(Re)habilitation and Counseling (C)
Faith Dryden (she/her/hers)
AuD student
University of Utah
University of Utah
Heber City, Utah
Disclosure(s): No financial or nonfinancial relationships to disclose.
Samantha J. Gustafson, AuD, PhD (she/her/hers)
Assistant Professor
University of Utah
University of Utah
Salt Lake City, Utah
Disclosure(s): No financial or nonfinancial relationships to disclose.
Due to the increased levels of cognitive effort spent in complex listening environments, people with hearing loss report more listening-related fatigue (LRF) than those without hearing loss. LRF is also associated with many adverse consequences such as altered behavior (i.e., social disengagement), negative emotions, and reduced quality of life (Holman et al., 2019, Davis et al., 2020). Recent evidence suggests adults with hearing loss experience a reduction in LRF and an increase in social activity level (SAL) after they are fitted with hearing aids (HA) (Holman et al., 2021). Factors not accounted for by Holman et al. include HA dosage and perceived HA benefit. It is plausible that HA dosage and perceived benefit may moderate the amount of change in LRF and SAL after HA fitting. The purpose of this study is to understand how HA dosage and perceived benefit moderate the effect of HA fitting on LRF and SAL.

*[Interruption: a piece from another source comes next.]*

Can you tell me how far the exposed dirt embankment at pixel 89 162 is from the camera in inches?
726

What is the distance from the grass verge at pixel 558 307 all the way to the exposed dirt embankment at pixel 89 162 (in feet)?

Participants were adult patients with documented hearing loss who are treated at the our university’s speech and hearing clinic. Participants were divided into two groups: control and experimental. Those in the control group were existing HA users with at least one year of HA experience, while those in the experimental group were first-time HA users. The outcome measures used in this study were three self-reported questionnaires that addressed HA benefit (Abbreviated Profile of Hearing Aid Benefit; Cox & Alexander, 1995), SAL (Social Activity Log; Syrjala et al., 2010), and LRF (Vanderbilt Fatigue Scale; Hornsby et al., 2021). This study consisted of three visits: (1) pre-fitting or during a routine follow-up appointment for the control group, (2) four weeks later for both groups, and (3) eight weeks after the first visit for both groups.
Data collection for this study is ongoing and will continue through February 2024. Eleven participants have completed the study (n = 6 control; n = 5 experimental), with five additional participants currently enrolled. Group means of preliminary data from completed participants suggest that, upon study entry, our participants were not experiencing LRF (average LRF score < 12 for both groups) or leading very social lives (average SAL score < 3 for both groups). Because of these low levels of LRF and SAL, only minimal changes across time were identified. With the full study data, we will examine the differences in LRF and SAL changes between groups and the relationships between HA dosage and HA benefit on these changes. Other participant characteristics (e.g., age, duration of hearing loss) will also be considered. If data trends hold with the full data set, our findings would suggest that there is a subset of adults with hearing loss who do not experience LRF or engage in regular social activity. For these patients, clinicians should consider whether LRF and SAL are a worthwhile measure of HA benefit. Instead, setting and monitoring progress towards individualized goals for the patient based on their lifestyle may be a better use of clinical time.